» Given data:
=======

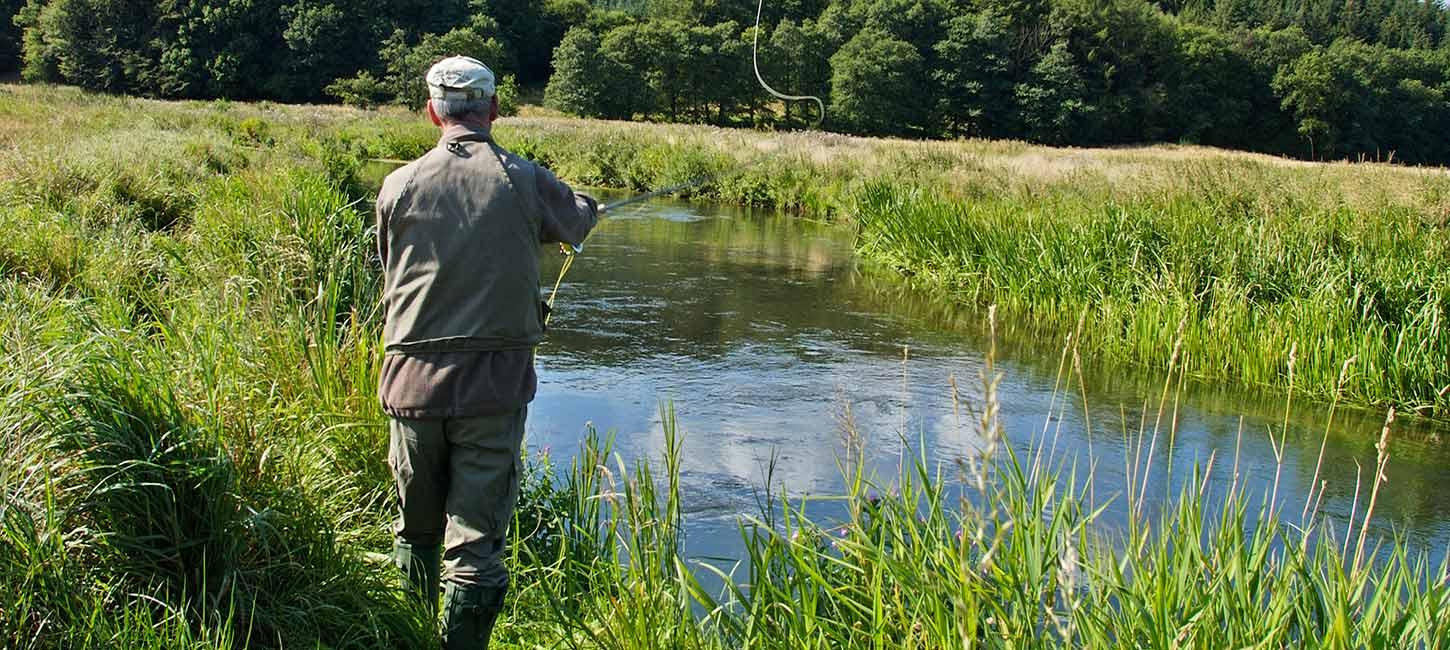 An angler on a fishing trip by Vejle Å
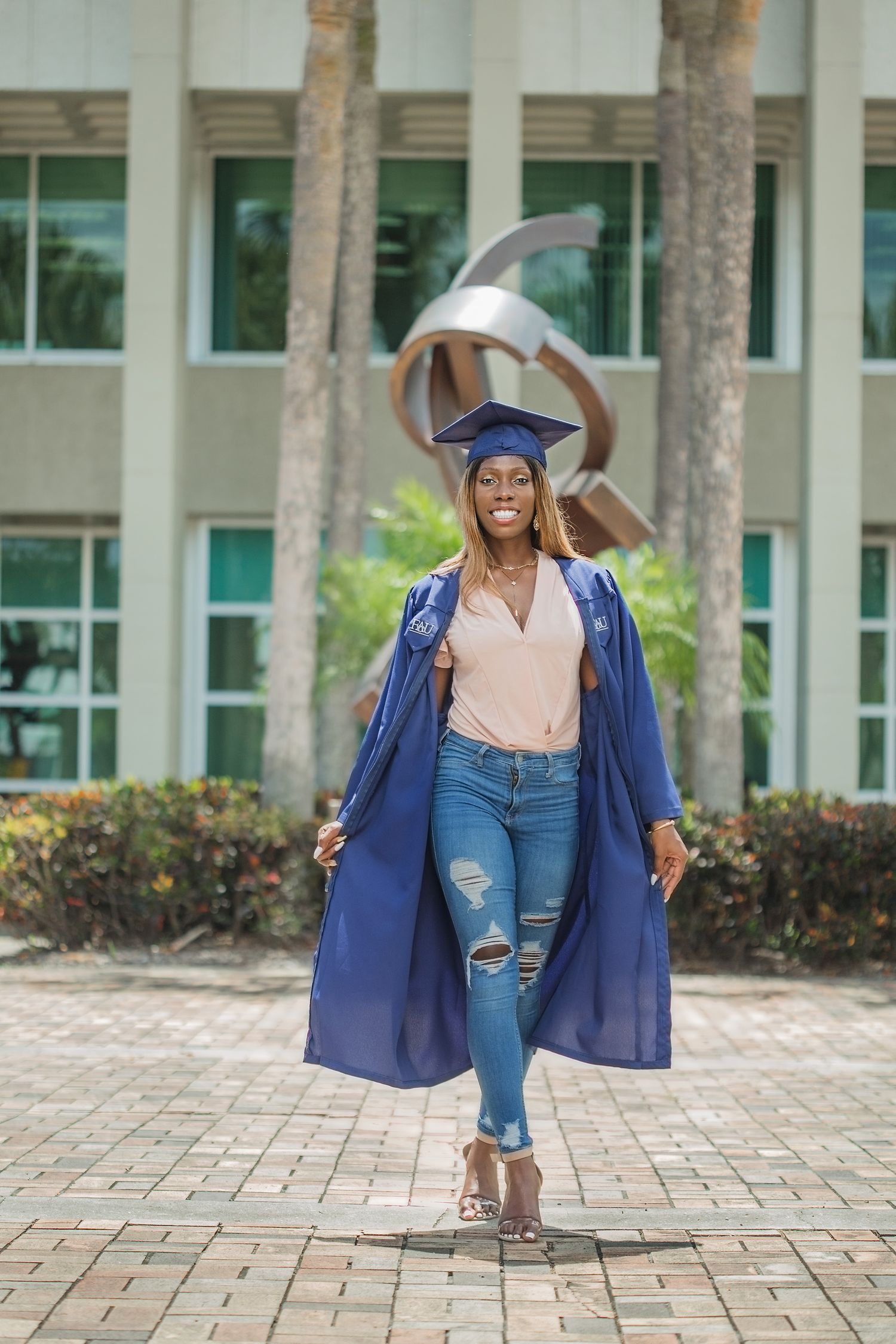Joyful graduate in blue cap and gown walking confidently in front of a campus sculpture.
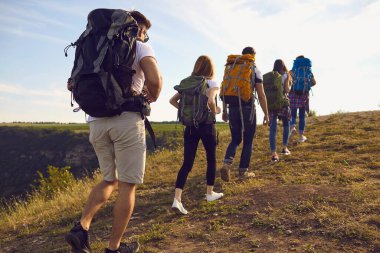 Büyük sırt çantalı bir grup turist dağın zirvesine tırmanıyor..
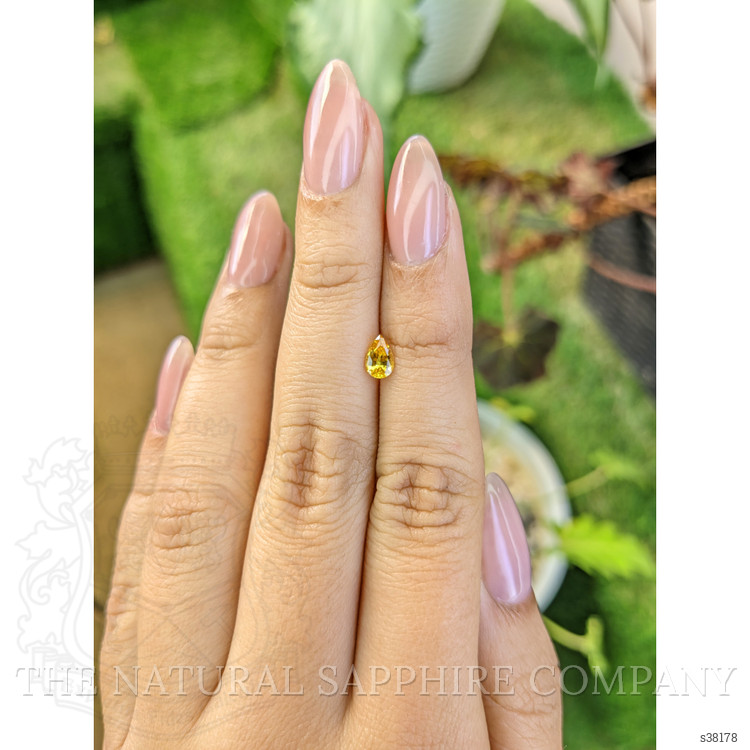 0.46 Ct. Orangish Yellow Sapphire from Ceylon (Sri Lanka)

=======

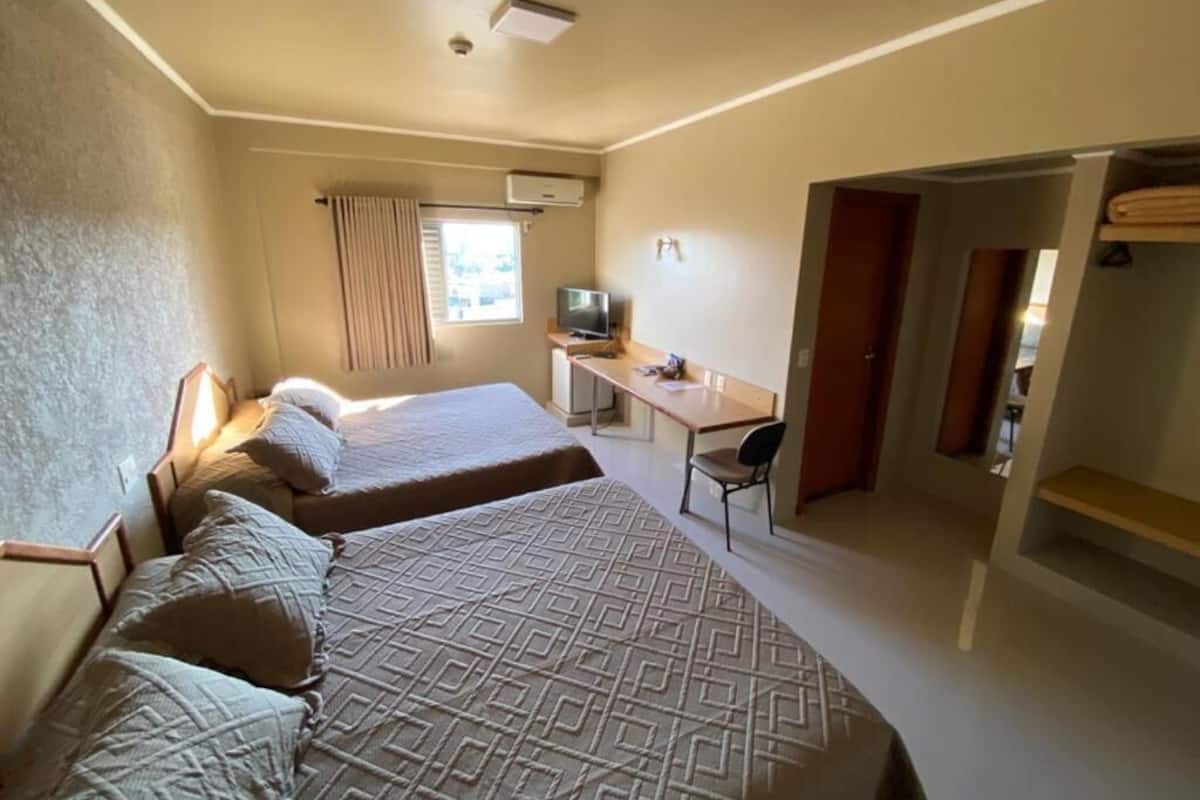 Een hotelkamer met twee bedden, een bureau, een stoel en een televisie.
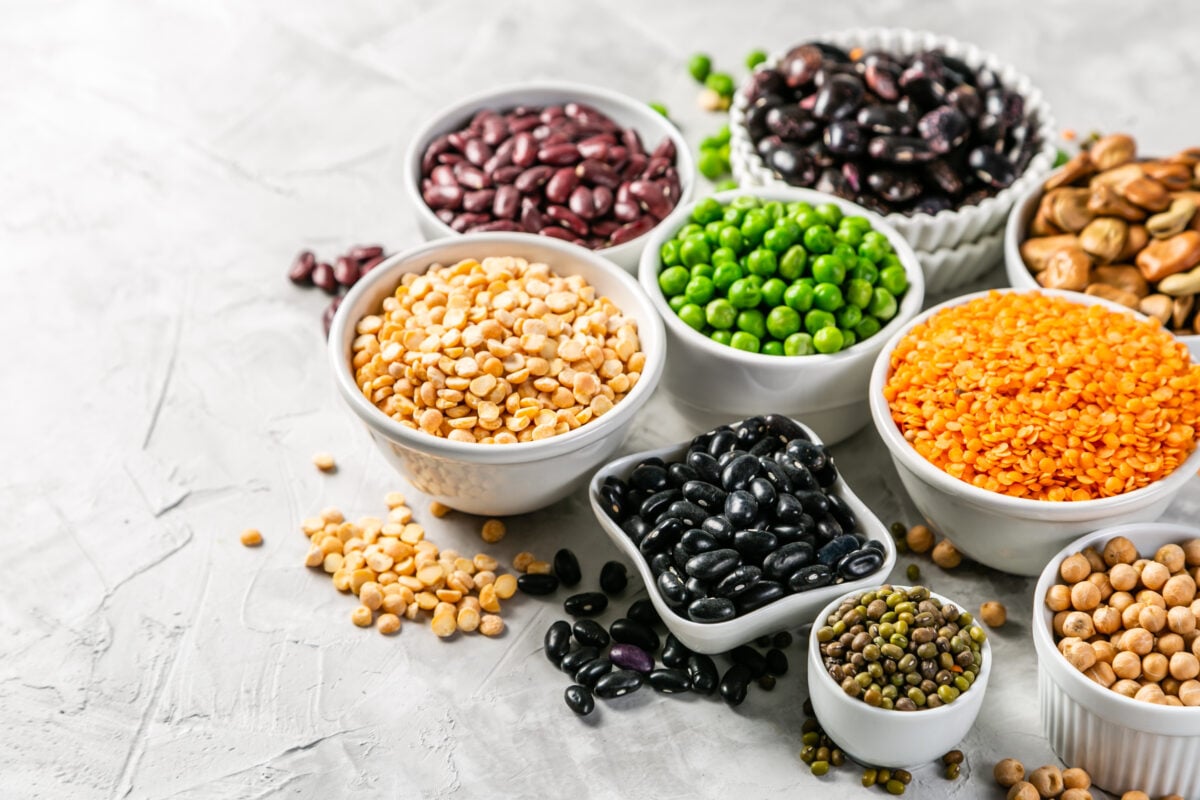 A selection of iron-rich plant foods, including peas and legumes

=======

» Exercise goal: What lines above run from the one with "Joyful graduate in" to the one with "0.46 Ct. Orangish"? Give them again exactly, ends included, and leave the pictures out.

» Written reply:
Joyful graduate in blue cap and gown walking confidently in front of a campus sculpture.
 Büyük sırt çantalı bir grup turist dağın zirvesine tırmanıyor..
 0.46 Ct. Orangish Yellow Sapphire from Ceylon (Sri Lanka)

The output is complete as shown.